This week has been incredibly productive. I was one of the volunteers for RustWeek, which was a massive event with ~800 attendants and the first All-Hands (gathering of all Rust contributors) in over 6 years. I met so many amazing figures in the Rust community, and I had really interesting conversations with them about compiler performance and Krabby. I'm incredibly gratified to have received confirmation that I'm on the right track with this work, and I'm incredibly excited to see where I can take Krabby in the future.
In more concrete terms, I did put together the task architecture I had discussed in the previous post. My estimate of four weeks was surprisingly close. It took a while for me to wrap my head around the task architecture, in order to make it a concrete implementation, but it's here now. I've published the updated source code on SourceHut (now with a basic README and license).
The missing piece of the task architecture was a concept of a context. Every task is associated with a context, which is essentially just a set of hooks for reacting to the completion of the task. For example, the context for a lexing task may route the token stream output to the parser. Because the context is responsible for gluing together different kinds of tasks, the implementation of each task is independent of the rest of the system; this provides a degree of isolation that helps reason about the codebase more easily.

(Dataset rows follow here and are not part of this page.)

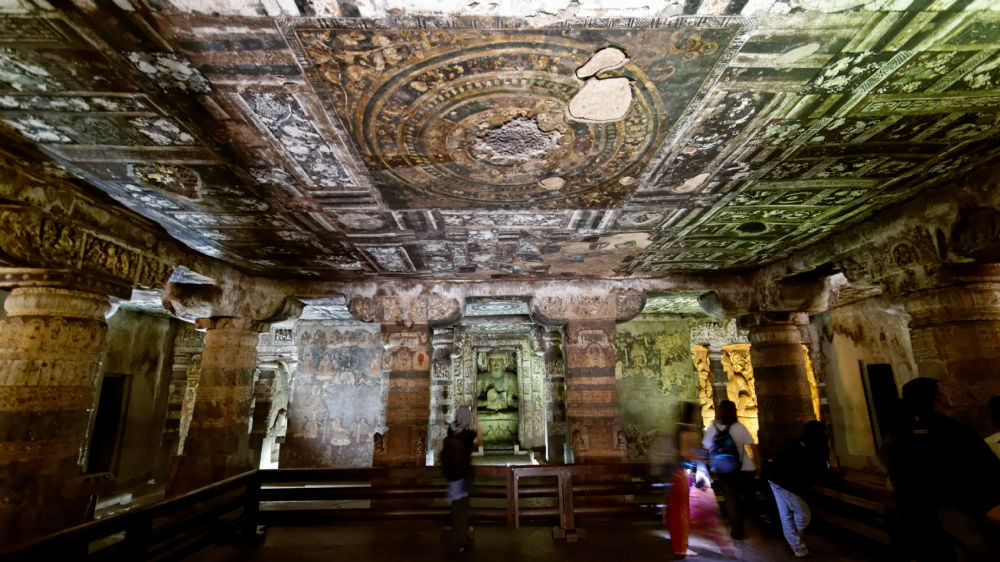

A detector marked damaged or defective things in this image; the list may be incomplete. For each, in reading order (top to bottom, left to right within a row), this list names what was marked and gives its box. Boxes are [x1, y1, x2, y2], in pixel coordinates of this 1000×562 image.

peeling plaster patch [0, 48, 59, 91]
peeling plaster patch [127, 52, 211, 93]
peeling plaster patch [4, 115, 71, 142]
peeling plaster patch [129, 116, 195, 144]
peeling plaster patch [241, 92, 352, 187]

Here's a snippet of code demonstrating this architecture. This piece establishes the public-facing API of the lexer.
/// Lex a source file.
pub struct Lex<C: LexContext> {
/// The contents of the file.
pub contents: Arc<[u8]>,
/// The task context.
pub context: C,
}
/// Context for lexing.
pub trait LexContext {
/// React to the completion of lexing.
fn on_lexed(self, output: Arc<TokenStream>);
}
The Lex
type represents a single lexing task; an instance of it would be appended to a (possibly thread-local) work queue for the actual lexer runner. Context is expressed as a generic type parameter. In the real compiler, this would be a small enum
describing possible contexts in which a file may be lexed; its implementation of LexContext
would route the token stream to the parser (with a separate ParseContext
type for parsing context). In my current codebase, all the contexts gluing together the tasks for the compiler can be found in a single module.
Since the last blog post, I implemented basic Cargo functionality (the loading and parsing of Cargo manifests, and the discovery of workspaces and workspace members). I was then able to route all discovered Cargo packages to sourcing (i.e. loading source files), after which I implemented lexing (simply using proc-macro2
for now). I'm using the tracing
library to see what the code is doing. All put together, I have a working proof-of-concept of the Krabby compiler!

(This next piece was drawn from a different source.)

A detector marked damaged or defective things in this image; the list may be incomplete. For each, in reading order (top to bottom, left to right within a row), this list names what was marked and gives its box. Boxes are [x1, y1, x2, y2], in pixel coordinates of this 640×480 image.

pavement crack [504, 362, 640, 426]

If you're interested, you can invoke krabby build <packages>
, where <packages>
is a list of directories containing Cargo packages to be sourced and lexed. Krabby will load the Cargo manifest of each crate and load and tokenize every source file, using 4 threads. It will output a trace-level log of all the steps it is executing to standard output via tracing
. Watching it actually distribute tasks effectively and execute quite fast (even without any optimization effort) has been really amazing.

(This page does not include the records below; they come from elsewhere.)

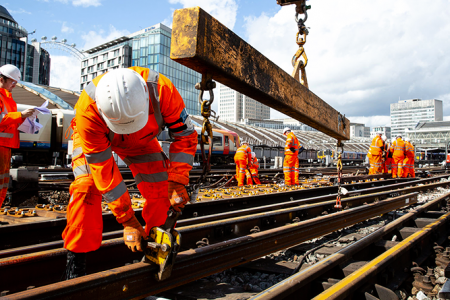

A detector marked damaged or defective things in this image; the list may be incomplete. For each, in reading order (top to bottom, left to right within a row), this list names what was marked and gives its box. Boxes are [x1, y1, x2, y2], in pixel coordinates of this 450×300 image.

rusty steel beam [171, 7, 350, 141]
rust on metal [171, 7, 350, 141]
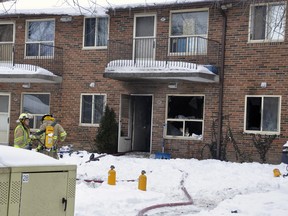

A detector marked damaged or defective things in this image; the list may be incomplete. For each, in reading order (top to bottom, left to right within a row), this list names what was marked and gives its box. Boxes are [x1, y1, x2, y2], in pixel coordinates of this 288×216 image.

broken window [250, 2, 286, 41]
broken window [165, 95, 204, 139]
broken window [244, 96, 280, 133]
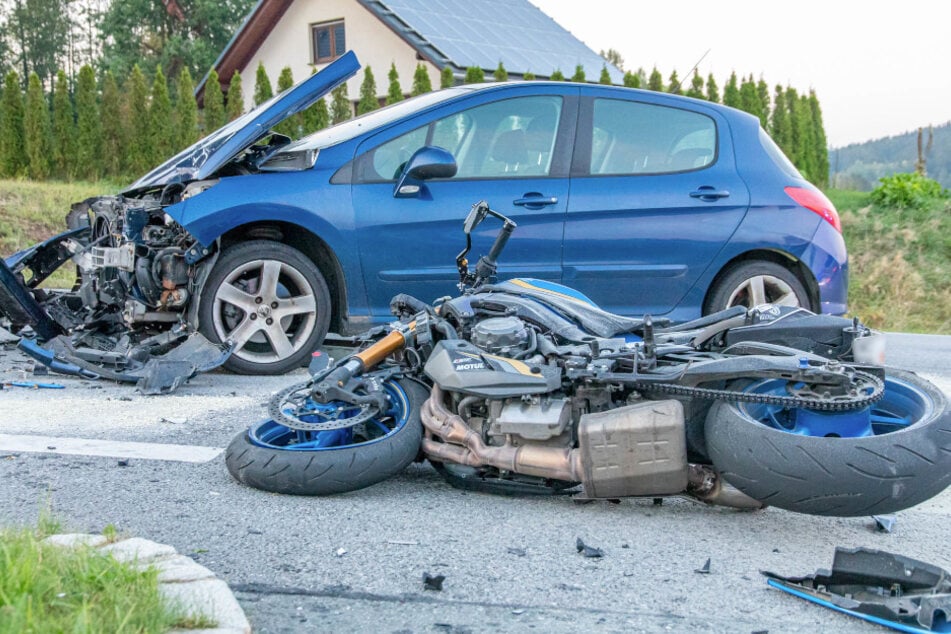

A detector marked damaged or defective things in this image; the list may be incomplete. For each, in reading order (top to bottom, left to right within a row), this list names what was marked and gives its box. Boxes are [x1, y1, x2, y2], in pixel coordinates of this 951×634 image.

car front end damage [1, 191, 231, 390]
shattered plastic piece [424, 572, 446, 592]
shattered plastic piece [576, 536, 608, 556]
detached bumper piece [768, 544, 951, 628]
shattered plastic piece [768, 544, 951, 628]
shattered plastic piece [872, 516, 896, 532]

My short-term goal is to implement name resolution (and perhaps macro expansion) as I will then be able to benchmark and test Krabby against rustc
comprehensively. While I could implement a simple parsing task using syn
very quickly, I don't want to implement name resolution on inefficient data structures. I'm going to take a few weeks to implement efficient memory layouts for token streams and the AST (while still using proc-macro2
and syn
for lexing/parsing). I will then dive headfirst into my high-parallel name resolution scheme, which I'll cover in a future blog post.
RustWeek has left me really energized, and with Krabby development going so well, I'm excited to see what the future holds.